続けて、著者は以下のように述べています。
「テンプル騎士団など、決まった服装をして筋書きを演じるフリーメイソンの儀礼は、いい年をした大人の『ごっこ遊び』のようにみえてしまう。けれども本人たちは、至って真剣だ。その機微を摑めるなら、フリーメイソンを理解できたと言えるのかもしれない」

Q18「フリーメイソンは、陰謀集団なのですか」は多くの人々が抱いている疑問ですが、著者は「フリーメイソンは、宗教の対立・抗争から距離を置くために、信仰・宗派を問わない原則を設けた。信仰・宗派の違いは、すぐ政治と結びついてきたのである」と述べています。同じように陰謀集団だと見られがちな団体に「イルミナティ」がありますが、イルミナティはカトリックの基盤が強いドイツ・バイエルンで生まれた団体です。そこでは、イエズス会が自由思想やプロテスタントを目の敵にしていました。著者は、「本来、政治的なものではないはずの自由思想の文書やパンフレットを、危険な政治思想として取り締まる。フリーメイソンに、警戒の目を向ける。友愛団体を、政治や陰謀の文脈で解釈してしまったのは、イエズス会である」と説明します。

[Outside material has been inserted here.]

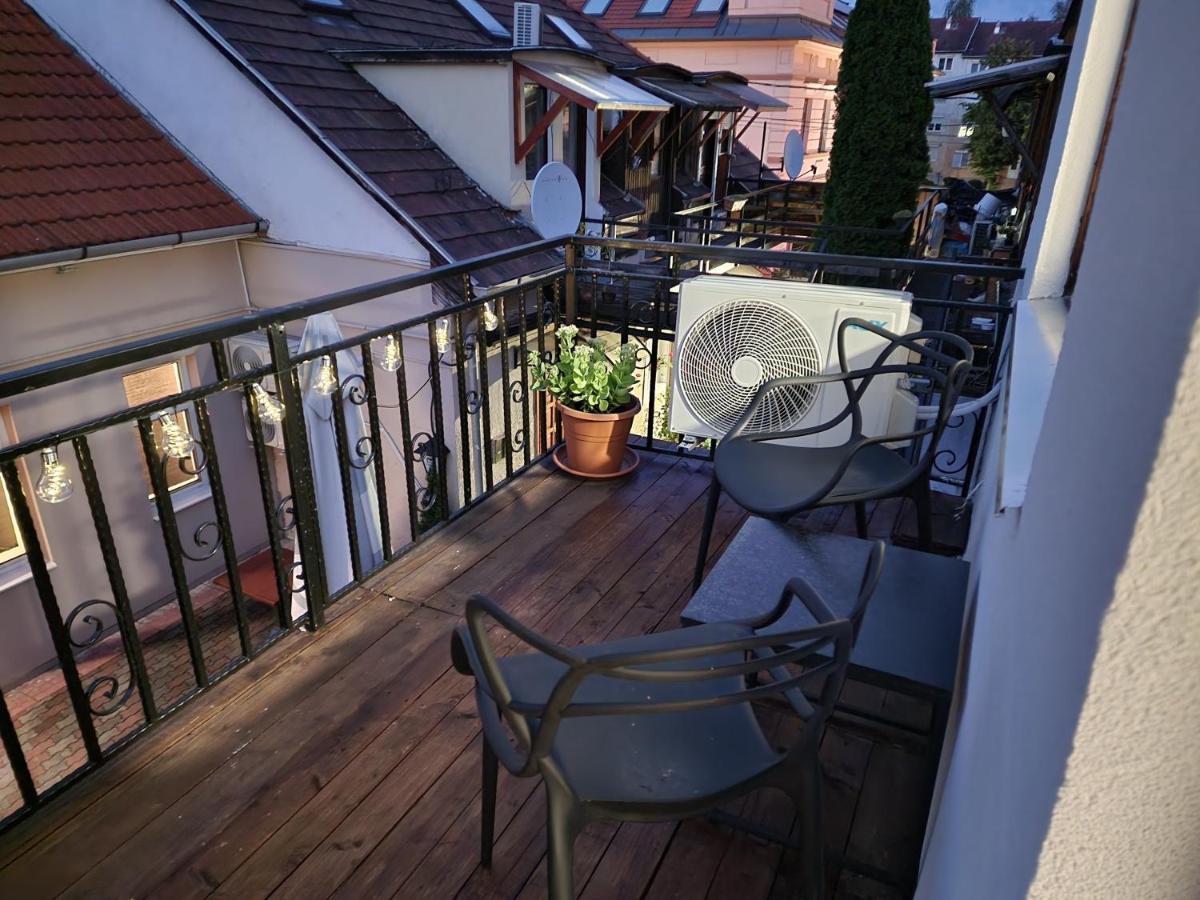 Schmidt Apartman Miskolc Belvarosaban מראה חיצוני תמונה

日本では、第一次世界大戦後に、フリーメイソンの陰謀論が目立つようになってきました。著者は、「四天王中将の陰謀論」として、「フリーメイソンの陰謀論を日本に広めた人物は、陸軍中将四王天延孝である。四王天は、観戦武官として第一次世界大戦をフランス軍とともに体験し、そののちハルビンで特務機関に勤務し、革命後のロシア情勢などの情報を収集した。全国を講演して回り、ユダヤとフリーメイソンの共同謀議説を説いて歩いた。自分の調査の結果だとしているが、ルーデンドルフからの受け売りの可能性がある」と述べています。

また、「共産主義への恐怖」として、著者は、「ロシア革命の勃発に驚いて、共産党の脅威を感じた日本の軍部や警察にとって、フリーメイソン~ユダヤ人~共産党をつなぐ陰謀理論は、おあつらえ向きだった。カール・マルクスもエンゲルスもトロツキーも、ユダヤ人である。フリーメイソンは、共産党とは別ルートで、欧米各国に食い込んでいる。自由思想や合理主義の裏側に、危険な陰謀が隠れているかもしれない。諜報機関にとって、至るところに敵が潜んでいるのは、好都合なのだ」と述べます。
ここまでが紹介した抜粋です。